From the start of my career I observed the successes and failures of digital tools brought to us as patient and clinician solutions.
There had to be a better way to take advantage of the benefits of an tech-enabled world, where digital offers the clinicians and patients delightful, enjoyable experiences in line with other industries like banking and travel.
Now, as a leader at Optum’s Center for Digital Health, I have the opportunity to realize delight in medicine through new experiences.
We are hard at work bringing the many digital tools at our fingertips into an environment that becomes our “way of being” rather than another tool in the toolkit.
The digital health ‘ecosystem’ becomes a growing, changing, system that adapts with us as we evolve in every part of our own health.
Our plan
We have big goals and we want to continue to raise the bar for what we can achieve as technologies advance. Pleasing our clinicians and our patients will never be a static endeavor.
As The Optum Center for Digital Health, we will start by:
- Making digital solutions integrate so seamlessly into what we do that we no longer need to call it “digital health” but rather refer to it as simply well care.
- Solving administrative issues for the clinician so patient care can focus on our relationship with our patients and not the documentation.
- Investing in a health ecosystem where digital is in the fabric of high-quality care that can be delivered with a sense of ease.
- Planning for a future when we make health care so convenient and individualized that we deliver wellness care as each of our patients define it for themselves.
Now is the time
The pandemic has moved our comfort level with providing care outside of the four walls of an exam room. However, patients look to doctors and clinicians to guide them in the engagement with their own wellness, now possible through digital options.
A majority of patients, 55 percent according to a recent Accenture poll, agree that trusted health care professionals would motivate them to take a more active role in managing their health.1
Sixty-two percent of patients showed interest in receiving health notifications through digital channels, while 57 percent are open to using remote devices in the home to help manage chronic conditions.2
Patients have growing willingness to accept a new design in care, but faith in their doctors to lead is the key.
We are creating a world in which traditional “brick and mortar” activities can be completed in the comforts of our patient’s homes with remote physical exam devices, eAssistants in the home and mobile application (app)-deployed at-home lab services.
With the help of diagnostic tools, home monitoring for chronic conditions is at the point of making a big jump forward as well.
A point of maturity has been reached, ranging from the applications and devices available to mindsets of clinicians and patients; we are ready to evolve to our next step.
Delivering on our promise
Our mission now is to make good use of the enormous capacity of innovation and resources held by Optum and UnitedHealth Group.

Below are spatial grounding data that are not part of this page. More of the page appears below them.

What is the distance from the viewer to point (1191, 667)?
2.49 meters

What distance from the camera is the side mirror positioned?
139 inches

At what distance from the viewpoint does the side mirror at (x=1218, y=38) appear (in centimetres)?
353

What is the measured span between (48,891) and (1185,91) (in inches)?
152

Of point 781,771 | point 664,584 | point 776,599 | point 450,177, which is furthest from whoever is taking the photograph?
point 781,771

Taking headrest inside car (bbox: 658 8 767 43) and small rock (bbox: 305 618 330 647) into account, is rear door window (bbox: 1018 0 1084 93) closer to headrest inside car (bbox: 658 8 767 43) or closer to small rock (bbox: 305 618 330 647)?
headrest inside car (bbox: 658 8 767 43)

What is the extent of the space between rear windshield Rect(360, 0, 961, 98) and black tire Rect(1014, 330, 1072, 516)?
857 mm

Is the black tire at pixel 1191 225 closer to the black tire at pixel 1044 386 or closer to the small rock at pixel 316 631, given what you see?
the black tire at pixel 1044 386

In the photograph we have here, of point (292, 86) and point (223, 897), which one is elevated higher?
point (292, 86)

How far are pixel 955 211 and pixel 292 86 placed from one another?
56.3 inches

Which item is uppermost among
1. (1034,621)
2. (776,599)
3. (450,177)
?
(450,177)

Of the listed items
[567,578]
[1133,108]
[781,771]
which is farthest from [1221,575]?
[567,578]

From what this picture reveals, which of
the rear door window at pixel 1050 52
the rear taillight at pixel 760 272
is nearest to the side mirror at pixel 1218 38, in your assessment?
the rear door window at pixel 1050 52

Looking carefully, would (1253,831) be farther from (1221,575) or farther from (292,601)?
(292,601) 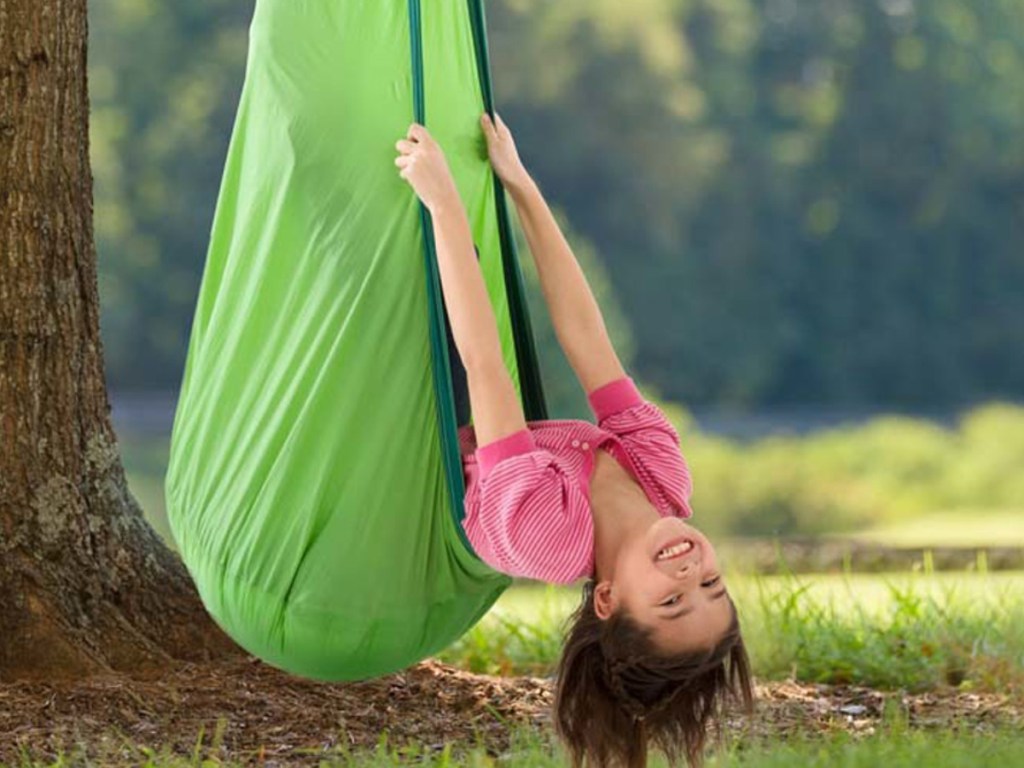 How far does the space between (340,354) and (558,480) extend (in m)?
0.40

As clinicians, our patients trust us. The government puts care for Medicare and Medicaid patients into our hands. Our country looks to us as a business to create solutions.
We are a physician-led organization, our motivation from the time we took the Hippocratic oath is better care for our patients, now more than ever.
Our culture is to empower our clinicians as change agents for a better future. Now is our time to guide the country towards the digitally-enabled future Optum is uniquely poised to create.
- Digital Health Consumer Survey 2020. Accenture. https://www.accenture.com/us-en/insights/health/leaders-make-recent-digital-health-gains-last. Published August 1, 2020. Accessed January 8, 2021.
- Ibid
This publication is informational and for educational purposes for practitioners only. The views and opinions expressed herein are those of the authors and do not necessarily represent the views of Optum Care. The views and opinions expressed may change without notice.